Tsalagi Gawonihisdi (Cherokee Language) in the Garden and the Grocery

I knew from the get go that this project would not be easy. Walmart is a big company and I am but one young man on a mission. I began the project by identifying who my partners would be. I already knew that Running Strong and the Cherokee Nation Foundation would be my two strongest sources of support, information, and guidance; however, I needed to establish strong relationships with those who had the influence and ability to fully realize my dream. I immediately reached out to Liz Mashie-Gunsalis, the Tribal Voices Chair at Walmart. Liz and I began having conference calls discussing all the ins and outs of my dream.

First things first, we needed to translate the produce to the best of our ability. So I reached out to the Cherokee Nation Language Program to set up a meeting. I inevitably ended up meeting with Mr. Roy Boney Jr. and Mr. John Ross, both of whom are fluent Cherokee Speakers. We talked for a while about the project and eventually decided to set a date to tour the Tahlequah Walmart and translate produce.


The day came, and I had invited a couple friends to join, Skylar Vann and Trey Pritchett. The five of us began walking about the produce section and one-by-one, Mr. Ross, pointed at items and said the Cherokee word for that item. Roughly 20% of the time I knew the word. The rest of the time I was scribbling down as fast as I could in my notebook the word that Mr. Ross had said for each item in sequence. Here and there I had to clarify with questions like: “Was that a da or a ta?”, “Did you say Sv-ta for the red apple or the green one?”, “Is that a sound-a-like word?” It was fun and we laughed throughout. At one point, someone pointed to a shelf of oranges. Mr. Ross though for a moment and then with a smile said: “Orangie?” We all looked around at one another and laughed. Eventually we ran out of fruit to translate, said our goodbyes, and parted ways. For me however, there was still work to be done. When I got home I began transcribing the words I had scribbled in my notebook into an excel spreadsheet.

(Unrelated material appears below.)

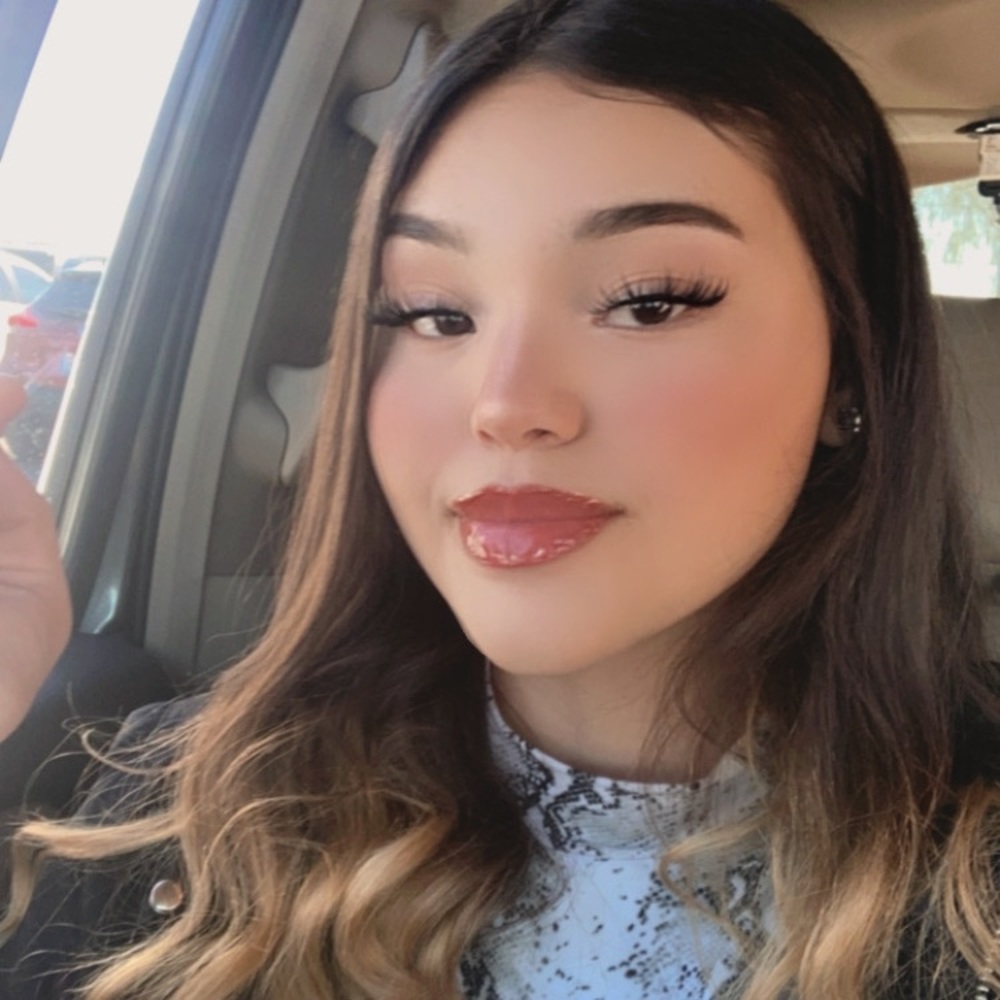 Meet your Posher, Ashly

I have strived to be very purposeful in the transcription of the language and in turn the ways in which it will be displayed in the store. The goal here is to make the language accessible to all levels of Cherokee speakers and Cherokee Language learners. Let me break it down for you:

Community Level:

This individual may know a few words, many words, or be fluent in the language; but, may not know the phonetic transcription of the language and therefor will not be able to connect those words with the way they are written in Cherokee Phonetic. This speaker has heard the words but never learned to write them; thus the written phonetic can be confusing or altogether useless. For Example, the Cherokee word for boy, most folks I know would spell it chooge. However, in Cherokee Phonetic it would be spelled Tsu-Tsa. It is here that I believe a level of disconnect tends to occur.

Phonetic Level:

A second type of speaker is one who understands the sounds associated with the phonetic spelling of sounds and words; but does not know Cherokee Syllabary. They may know how to pronounce the Cherokee word for chicken when written in Cherokee Phonetic as Tsa-ta-ga or Tsa-ta-g; but they don’t know the Cherokee Syllabary characters associated with each sound. Ꮳ (Tsa) Ꮤ (Ta) Ꭶ (ga). This makes the phonetic useful to the individual in language learning and comprehension; but leaves the syllabary relatively useless.

Syllabary Level:

This individual knows both the phonetic spelling of words and sounds as well as the syllabary characters associated with each sound. This individual should be able to understand the language written in any of the above forms. This is the level of literacy and comprehension I – and I also believe Sequoyah – hoped to see the Cherokee People utilize on a daily basis when using the Cherokee language.
Accordingly, when utilizing the language on the Walmart store shelves I intend to display the language in all three forms: Community, Phonetic, and Syllabary. The intended end goal of this effort is to both allow individuals to comprehend at their level of understanding as well as allow individuals to connect the three forms together for a fuller understanding of the language in all of its written forms.